Review by Frank Plowright
Despite Robert Crumb’s status as the top dog of Underground comics, the Fabulous Furry Freak Brothers are the form’s most recognisable characters. As the title notes, when published in 2017, fifty years separated the guys from their début, and more years have since passed, so how relevant now are three weed-obsessed hippies?

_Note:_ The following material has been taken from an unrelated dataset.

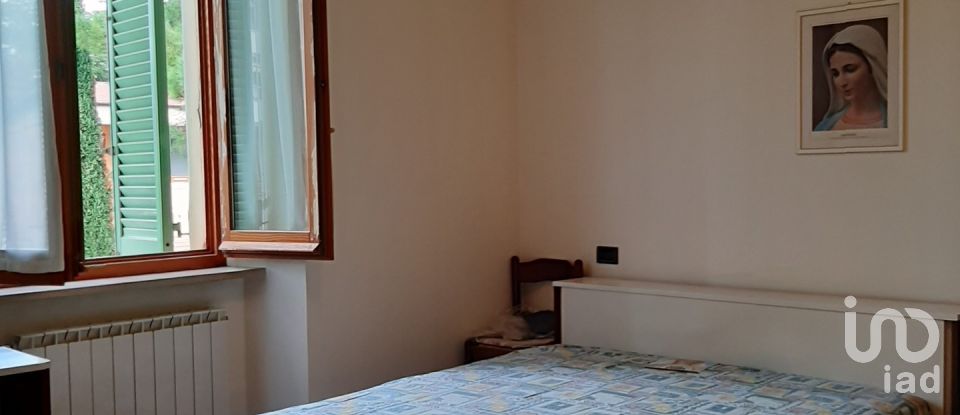 Four-room apartment of 83 sq m in Foligno (06034)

Very, as it happens, and the reason for that is because while each generation has their favourite comedy, good gags never go out of fashion. You don’t need to know anything about the characters or their origins to appreciate the slapstick of Freewheelin’ Franklin’s attendance at a gun fair and what it sets off, nor to see that Shelton’s cartooning skills are immense. He’s also moving the characters forward by incorporating near contemporary events. Some people might be offended at Phineas being recast as a hapless suicide bomber because he’s way off the mark in trying to impress a woman, or Fat Freddy stoned off his nut discovering religion, but they’re funny strips.
28 pages of new strips are promised on the back cover, which seems very few considering the overall page count, but no-one’s shortchanged here. The remainder of the book is a total treasure trove for fans. Shelton’s memoir pages run through his career until the 1980s, accompanied by photographs, illustrations and memorabilia. More of that appears throughout, along with the fantastic character sheets produced for an animation. Previous Freak Brothers collections haven’t included strips where Shelton loaned his characters to other creators, so here we see them as defined by Hunt Emerson, Jay Lynch and the combination of Ted Richards and Willy Murphy. Scotland Yardie’s Bobby Joseph and Joseph Samuels produce a new strip for this collection, and there’s another where Shelton borrows Crumb’s Mr. Natural for a chat with Fat Freddy.
What might seem like a dashed together celebration is actually anything but, and if you’ve ever laughed at the Freak Brothers in the past you should pick this up.